We use an ugly bandaid for a few jobs today to write out a minimal metadata.json with the primary repo commit at least to get around this.
https://github.com/kubernetes/test-infra/blob/ed6a7c4f28a2f87de404f8844a14a512e4c8f3d6/images/bootstrap/runner.sh#L106-L111
https://testgrid.k8s.io/sig-release-master-blocking#verify-master

BenTheElder on 2 Feb 2019

No one uses artifact-uploader. We run 20,000 builds a day, most of them still use bootstrap, and we have at least a year and a half of this historical data. We should continue uploading the fields that bootstrap.py does that make sense, rather than arbitrarily changing them for no good reason (to revision, for example).

And while it is certainly the most verbose solution, I am unconvinced that uploading the pod and prowjob yaml is correct and/or most useful.

fejta on 2 Feb 2019

We should resolve https://github.com/kubernetes/test-infra/issues/10544 1000000% - when whoever has some spare cycles.

We run 20,000 builds a day, most of them still use bootstrap

We will migrate them to podutils :-)

most likely because we didn't understand the previous format when creating this structure.

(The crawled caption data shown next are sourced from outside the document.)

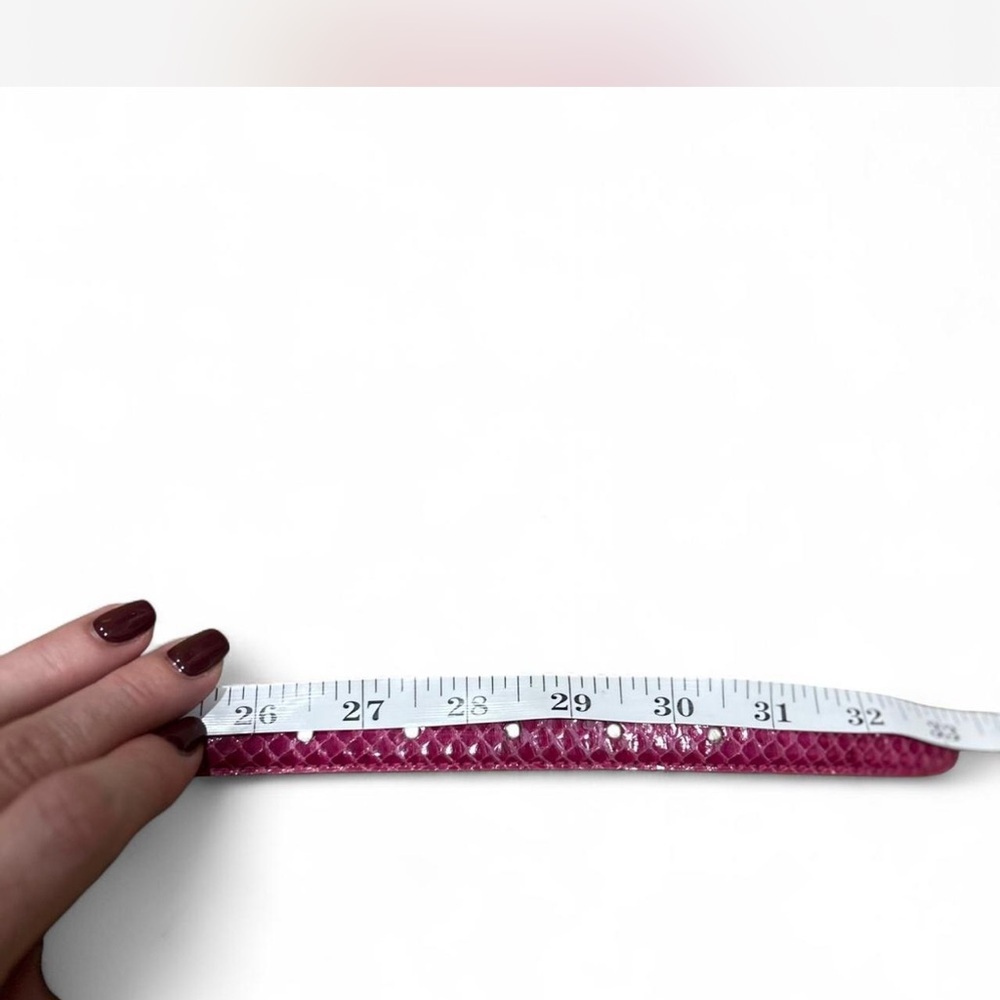 Vintage Pink Snake Print Leather Belt Gold-tone Hardware Woman's Medium* - Picture 4 of 4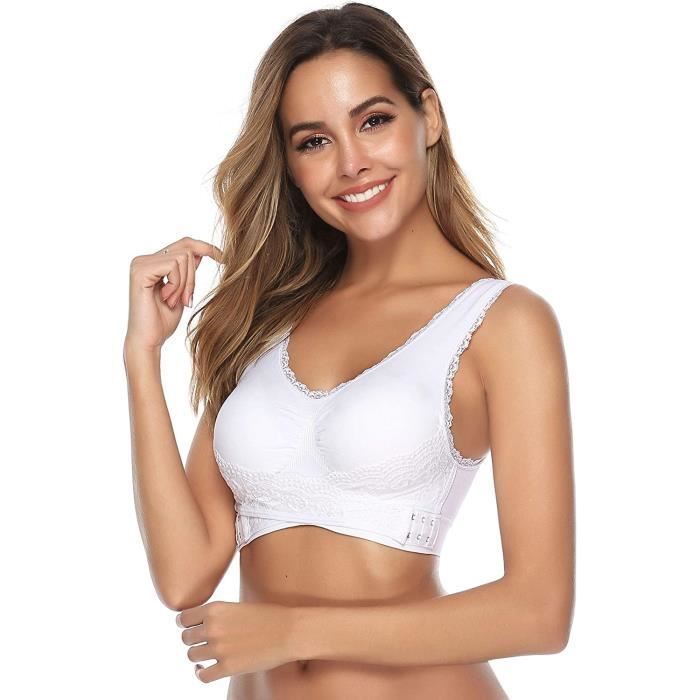 Sujetador deportivo para mujer - Cierre frontal lateral - Relleno - Yoga - Talla B - Blanco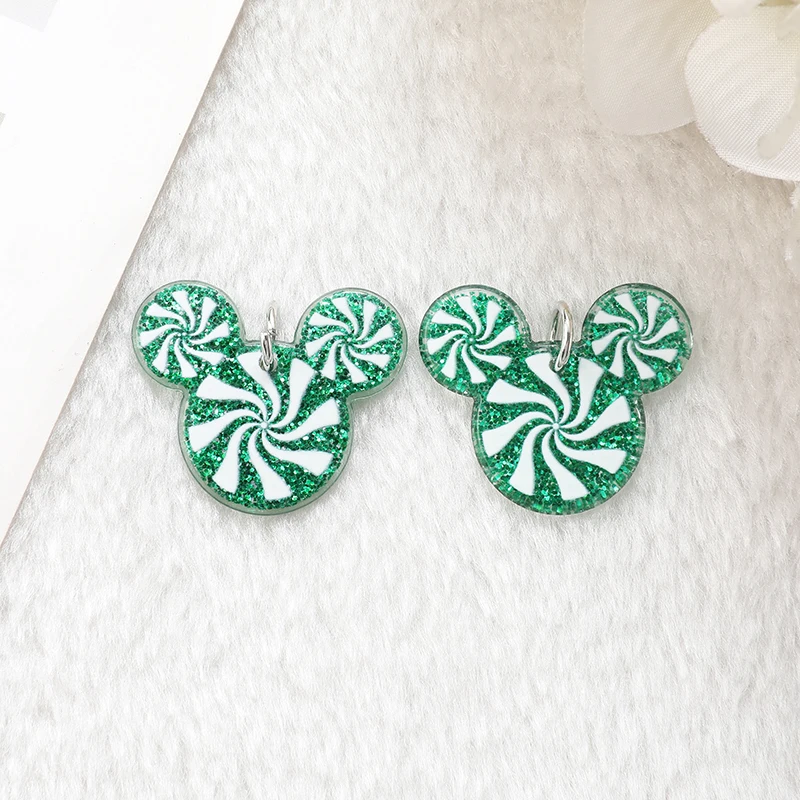 10Pcs Christmas Candy Charms Creative Acrylic Two Side Print Pendant For Necklace Earring DIY Making Accessories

Yep - that's also the problem when we making podutils isn't it? 😏

We should continue uploading the fields that bootstrap.py does that make sense, rather than arbitrarily changing them for no good reason

IMHO version and job-version are bad names, and bootstrap fields are not very well documented to begin with. (Yes we might not fully understand the meaning of each field, but all of them can be found in prowjob.yaml right?) We control downstream applications, if we have a clean definition, like today we created the struct, we can easily make things like gubernator/spyglass to support extracting more info from prowjob.yaml (while still support all the old fields, for a while, sure).

krzyzacy on 2 Feb 2019

Also:

        // Node is deprecated. 
    Node string `json:"node,omitempty"` 
    // Repos is deprecated. 
    Repos map[string]string `json:"repos,omitempty"` 
    // Pull is deprecated. 
    Pull string `json:"pull,omitempty"`

I don't think anyone is actually consuming these fields today?

krzyzacy on 2 Feb 2019

bootstrap fields are not very well documented

We should do better than this. The code that outputs these fields is open source, in this repo, and created by the same people who work on prow.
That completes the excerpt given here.